E Deus cansado deixou que Adão também criasse

Nos saborosos anos 70, Yves Klein (ou Manzoni?) montou uma exposição com telas totalmente brancas, todas iguais à excepção dos preços (que variavam de forma aleatória) e dos títulos. Por avultada soma de dinheiro qualquer um poderia comprar não a assinatura, mas o título da obra.

A importância dos títulos é pretexto de outra história, talvez apócrifa: Buñuel, entre muitos, fazia os filmes primeiro e apenas no fim lhes dava nome. Quando terminou o “Charme discreto da burguesia” e encontrou este título, disse que nesse preciso instante o filme mudara, passara a ser outra coisa diferente. E é fácil acreditar na verdade.

Enquanto nomear aqui é dar sentido (ao contrário do Ménard de Borges, que vira o sentido com o mesmíssimo texto), para Boris Vian o que interessava era precisamente confundi-lo poeticamente, ou accionar em três palavras o charme discreto da patafísica. Pois é; já se sabe o que acontece a quem os deuses amam…
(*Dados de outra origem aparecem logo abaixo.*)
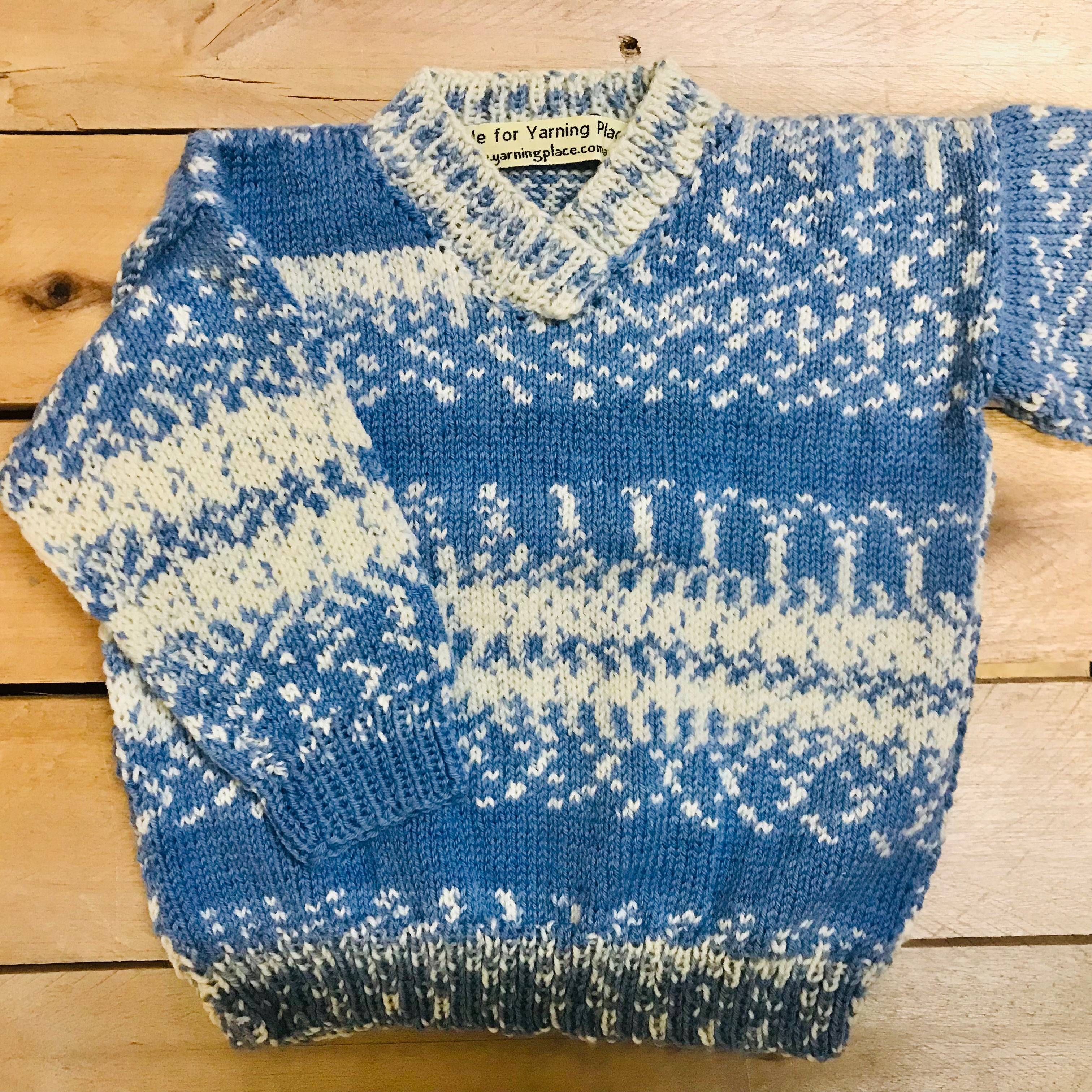 hand-knitted locally - Child Blue greys variegated self patterning  Jumper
Na sua inesgotável capacidade de mágico intelectual, Walter Benjamim propõe a ligação estreita entre a palavra original e o objecto; um a extensão intencional do outro. Verdadeira ou não, é uma ideia encantadora. Para os gregos o nome era parte integrante, quase física, das pessoas, traduzia algo de essencial, como se enformasse em som um carácter distinto e irrepetível, desde o início fadado a íntima combinação. É essa espécie de impressão digital que condena Ulisses, num raro momento de vaidade e imprudência quando revela o nome verdadeiro a Polifemo, que assim pode apoderar-se dele e invocá-lo em maldições reclamadas ao pai, o diligente castigador dos oceanos. Ulisses que fora ninguém e se esquecera de o ser, pagará com suplementar errância o ódio de Posídon e a protecção de Zeus.

A acreditar nessa outra Odisseia que é “Lone Wolf and cub”, quase sempre historicamente irrepreensível, existiria algo desse poder e autoridade associado ao nome do guerreiro no bushido. Em situações de potencial conflito, sempre que Ogami Itto revela o nome é para confrontar o adversário em duelo mortal. A isso obriga essa revelação sensível. Tal como o Paul Atreides que mata com a palavra, também aqui o nome é sinónimo de morte.